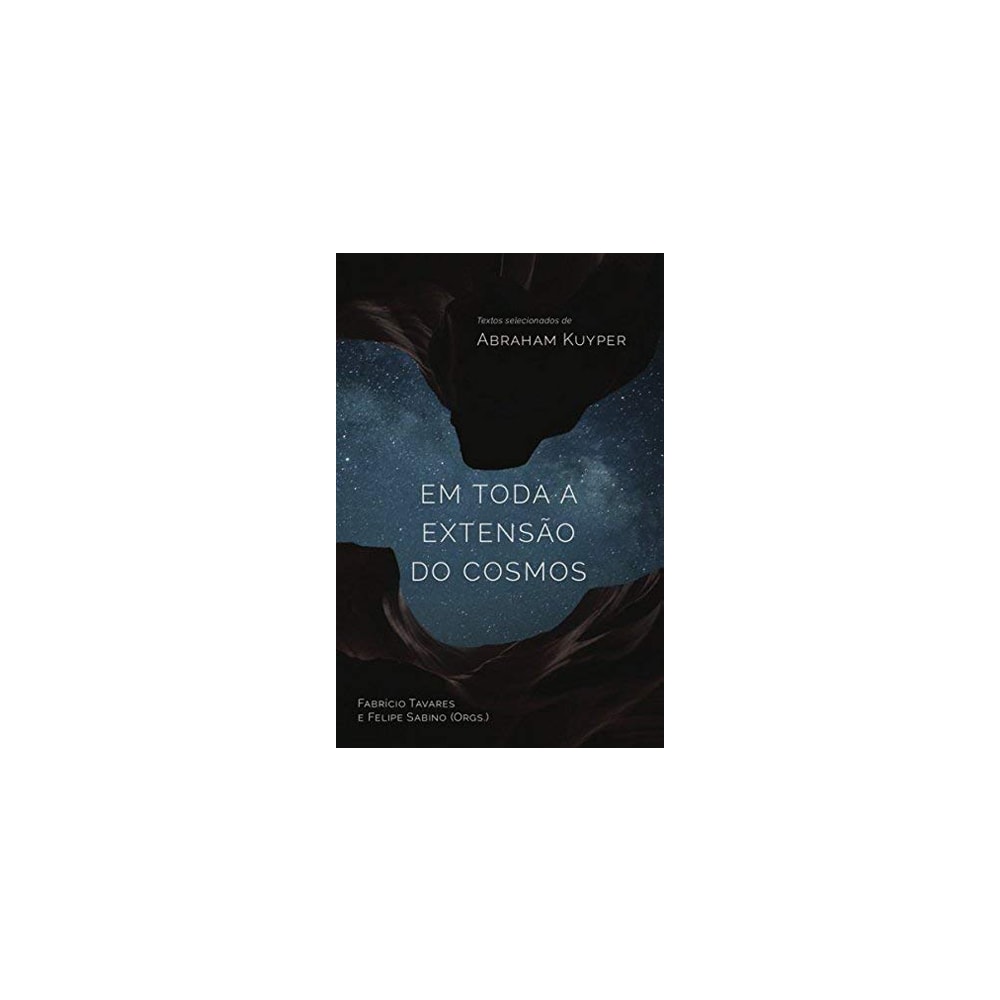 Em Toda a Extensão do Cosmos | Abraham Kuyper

* * *

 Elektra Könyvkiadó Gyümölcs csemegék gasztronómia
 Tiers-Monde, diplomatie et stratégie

# [To do]
Exactly the lines above from the one with "Elektra Könyvkiadó Gyümölcs" to the one with "Tiers-Monde, diplomatie et stratégie", both included, are to be quoted; leave the rest out.

# [Result below]
 Elektra Könyvkiadó Gyümölcs csemegék gasztronómia
 Tiers-Monde, diplomatie et stratégie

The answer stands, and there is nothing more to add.